Well, we did it. We made the thing. It feels like so long ago that Robert Quigley, beta tester and alpha male, fired up the engines of industry contained within these hallowed 40 acres and demanded we deliver excellence.
This feels like the time we’d logically unveil our app in some grander sense. The app is in the app store, we’ve had users download it in places like China, Canada, and Australia, and we’ve got more than enough to convince a crowd at demo day that it’s a finalized product.
See, the thing is though — it’s not finished.
If you’ve been on our app, you likely ended up on this image at some point. You also noticed it’s not very good.
Ok, it’s really bad.
That’s ok, because it was never intended to be our final insights page and stands as more of a placeholder than an actual page. Even so, it’s resulted in a certain level of insecurity when we go to show people our app, to share it, to market it. It feels like we’re selling a work in progress, and we believe there’s a lot of work to do before it’s our real V1.
What are we doing to get to what I call the “real V1”?
We met with John Reardon today, who is the founder of music sharing platform Musx, and he asked us some questions we had a really hard time answering. He asked why we had decided our value proposition lies in a resources page. Nobody has told us that’s what they need or want, and nobody has expressed to us that it’s what they needed in their lives.
We’ve become a bit one-track minded, and he provided a lot of insight regarding how we should focus on discovering what, exactly, our value proposition is. Our app does what we say it does pretty well, but it doesn’t do a lot more than that. It’s a pretty mood tracker, and we’re extremely pleased with how it turned out. Even so, it’s going to be exceedingly difficult to convince users to revisit the app every day without something more.
The pitfalls of thinking
John pointed out how frequently we answered his questions with “I think.” So much of our developmental process has been based on what we think, on speculation, and on assumptions.
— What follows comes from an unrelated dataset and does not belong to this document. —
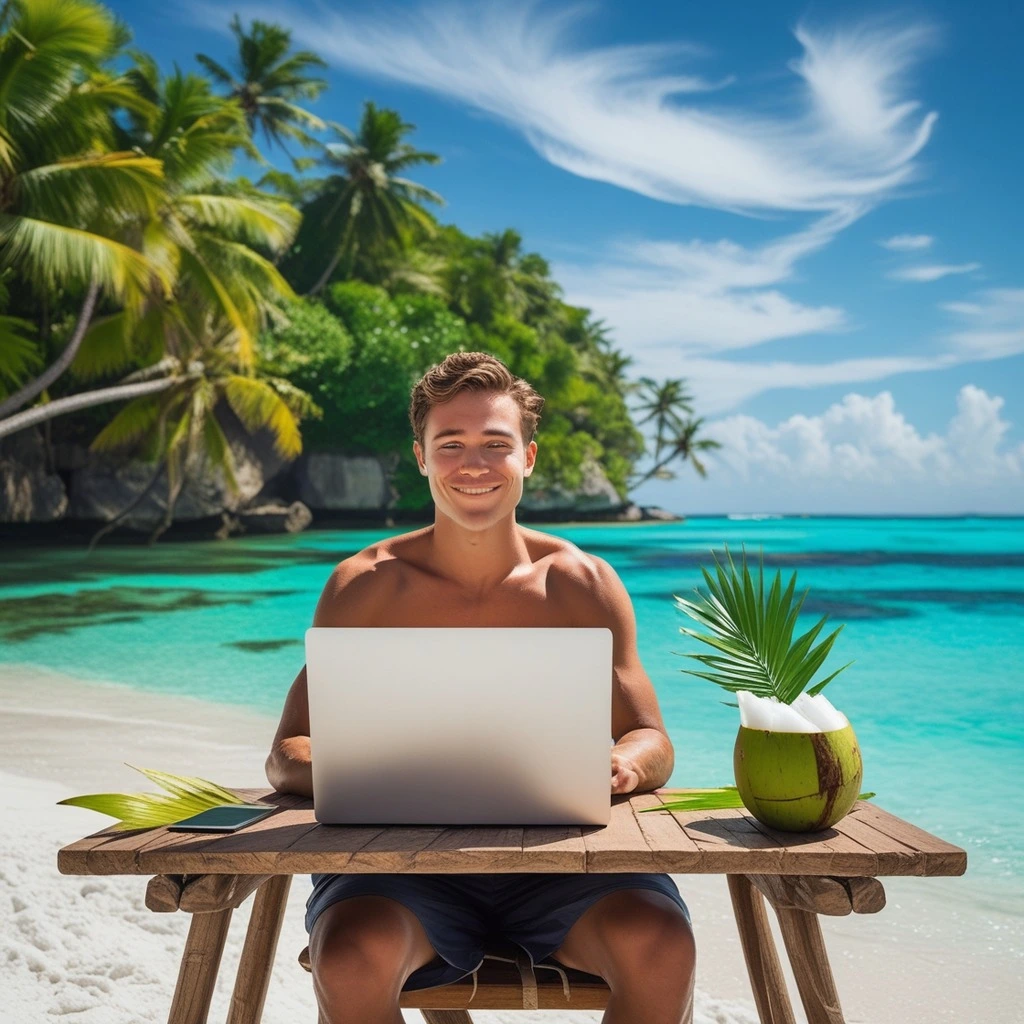 Digital nomad working on a laptop at a beachside location, with a tropical backdrop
Luckily, our stellar team was able to put out a great base product on that “thinking” alone, but we’re at a point where the product’s value could be realized if we sit down and stop thinking and start asking.
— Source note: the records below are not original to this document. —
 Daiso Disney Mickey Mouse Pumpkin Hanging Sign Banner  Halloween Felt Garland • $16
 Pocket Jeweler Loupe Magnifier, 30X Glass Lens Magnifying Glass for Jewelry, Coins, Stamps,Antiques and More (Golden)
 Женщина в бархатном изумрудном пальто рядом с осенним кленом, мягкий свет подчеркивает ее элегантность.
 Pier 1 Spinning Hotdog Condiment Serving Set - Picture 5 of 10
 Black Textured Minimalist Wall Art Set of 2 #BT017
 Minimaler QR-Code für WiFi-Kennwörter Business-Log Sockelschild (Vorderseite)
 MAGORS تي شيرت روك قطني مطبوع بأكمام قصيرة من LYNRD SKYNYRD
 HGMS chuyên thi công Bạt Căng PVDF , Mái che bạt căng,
This week, we’re going to sit down with three focus groups and see what people think of our app, what they’d like to see us work on, and what they wish they could get out of an app like Vibrant. We’re going to see what they think of the name Vibrant, of our logo, of the colors we assign to moods. We’re going to put aside our ‘thinking’ and seek a bit of perspective. I guess that’s what Vibrant’s for, right?